Subs require significantly more thrust per cubic metre of cargo.

Communication and navigation are more difficult because GPS and satellite comms don't work underwater.

Loading and unloading in comparable times to a standard container vessel.

4 comments

>Communication and navigation are more difficult because GPS and satellite comms don't work underwater.

That's a really good point, how do you get a signal to a submerged unmanned submarine under all that conductive saltwater? Military submarines use VLF radio waves that can penetrate saltwater fairly deep, but those long wavelengths require enormous aerials and powerful transmitters that are one thing if you're the navy of a nuclear power, quite another if you're a shipping line looking to make a profit.

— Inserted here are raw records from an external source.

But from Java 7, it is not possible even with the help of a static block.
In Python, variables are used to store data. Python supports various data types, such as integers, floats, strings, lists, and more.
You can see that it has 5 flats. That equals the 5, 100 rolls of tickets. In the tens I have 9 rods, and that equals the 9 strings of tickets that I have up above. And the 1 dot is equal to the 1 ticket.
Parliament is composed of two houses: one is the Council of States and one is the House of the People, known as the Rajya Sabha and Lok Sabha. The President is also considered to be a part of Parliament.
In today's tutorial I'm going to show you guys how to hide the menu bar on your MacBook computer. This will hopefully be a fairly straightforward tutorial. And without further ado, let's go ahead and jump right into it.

Submarines can't transmit on VLF bands. They can only receive from land based transmitters.
One of the reasons to use quantum gyroscopes is that will be accurate to within 1m or so after a day long underwater traverse of 1000 km or more. Communication while fully under still sucks though.
Powerful lasers, as used by laser depth sounders, will penetrate water to an 80m depth [1]. Might be possible to do a laser link directly to an overhead UAV or satellite? If they are following regular shipping lanes, it might be possible to have communication buoys (or nodes on the seafloor connected by fibre/cable) at regular intervals along the route, with laser or sonar communications to passing submarines. It would be a bit like "sections" of track in railways, with vehicles checking in as they enter/leave each section.

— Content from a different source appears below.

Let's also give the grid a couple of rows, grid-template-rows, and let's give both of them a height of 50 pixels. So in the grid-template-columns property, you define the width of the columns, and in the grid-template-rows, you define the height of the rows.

[1] https://www.navy.gov.au/ran-aviation-history/laser-airborne-...

Surely a GPS mast shouldn't be a problem? And an IMU may be more expensive than a GPS receiver, but compared to the cost of the whole vessel, it's probably negligible.
Yeah a mast or tethered transmitter probably they way to go, but now you have the problem of operating both a submarine and a pseudo surface vessel.

Nothing insurmountable, but it's not as simple as running under everyone which is what the article implied (to me atleast).

Doppler velocity log is likely what they'd want.
Less turbulence to move the cargo, which could lead to less breakage.

If subs are designed for cargo then unload/loading operations can be optimized.

Deep water subs require serious fixed reinforcement (like gigantic periodic rings) to prevent being crushed at low depths that would stop you from easily exposing the interior for unloading - but given that they're only going 50m deep I'm sure you could have some mechanism to pop the sub in half and get all the access you need. I feel like turbulence is sort of a solved problem by way of pallet packing - but that actually raises a larger concern of mine - the sub they display is pretty tube-shaped which means it's either not going to use pre-packed pallets (definitely the case if the image shown is to scale) or it's not going to use pre-packed pallets efficiently. Habours leverage pallets to minimize the manual labour needed for loading/unloading so while the ship might open like a sardine can it's not going to see a lot of use if someone needs to lift boxes out of it one at a time.
If there are no people on board, couldn't the air pressure be boosted to match the external water pressure?

If the pressure is balanced, removing the need for a pressure hull, the sub could have a more rectangular cross section, allowing it to be packed full of regular shipping containers.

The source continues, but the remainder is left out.